Sarah & I on my last night at McMurdo. This time I found a beaver costume!
The US Air Force C-17 after it landed on the Ross Ice Shelf. Soon, we would board the plane and leave Antarctica.

Now that my 2nd summer is here and our lab has re-opened, I spend most days doing lab processing and analysis of the soil samples we collected in Antarctica and from other projects. My lab work consists of various chemical analyses of soils as well as DNA-based analyses of soil microbial communities. These DNA analyses involve isolation of DNA from the samples and lots of PCR (check out my growing collection of PCR plates below!). The lab work isn’t particularly exciting, but at least it is going smoothly thus far. Anyways, this might be the longest post card in history, so I’m going to stop it here (I’m impressed if you actually read this far!).

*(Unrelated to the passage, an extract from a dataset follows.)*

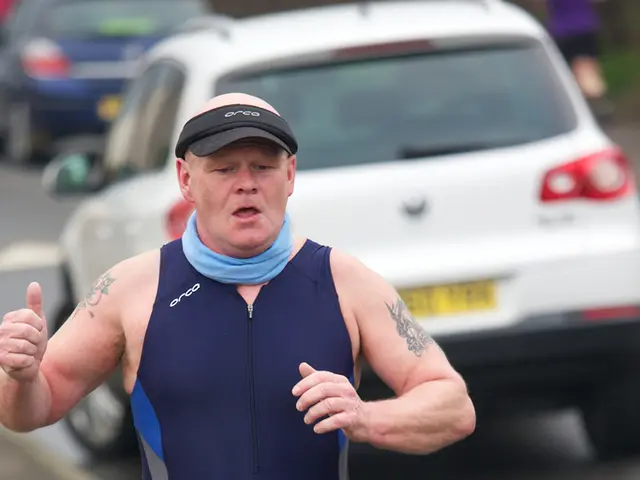 In this picture there is a man who is running on the left side of the image and there are cars in...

I hope everyone is doing well during these challenging times and I hope to see everyone soon.

A view on the way up to Roy’s Peak, near Mt. Aspiring National Park in New Zealand.
A small sample of the PCR reactions I’ve doing in the lab this summer. The PCR reactions amplify marker genes for different microbial taxa in DNA isolated from the McMurdo soil and microbial mat samples. We then sequence the amplified DNA and the sequences help us to understand how microbial taxa are distributed across the McMurdo Dry Valleys landscape.

Ernie Osburn is an Interfaces of Global Change fellow working with Dr. Jeb Barrett in Virginia Tech’s Department of Biological Sciences. He is studying the impacts of Rhododendron removals on soil microbial communities and nitrogen cycling in Appalachian forests.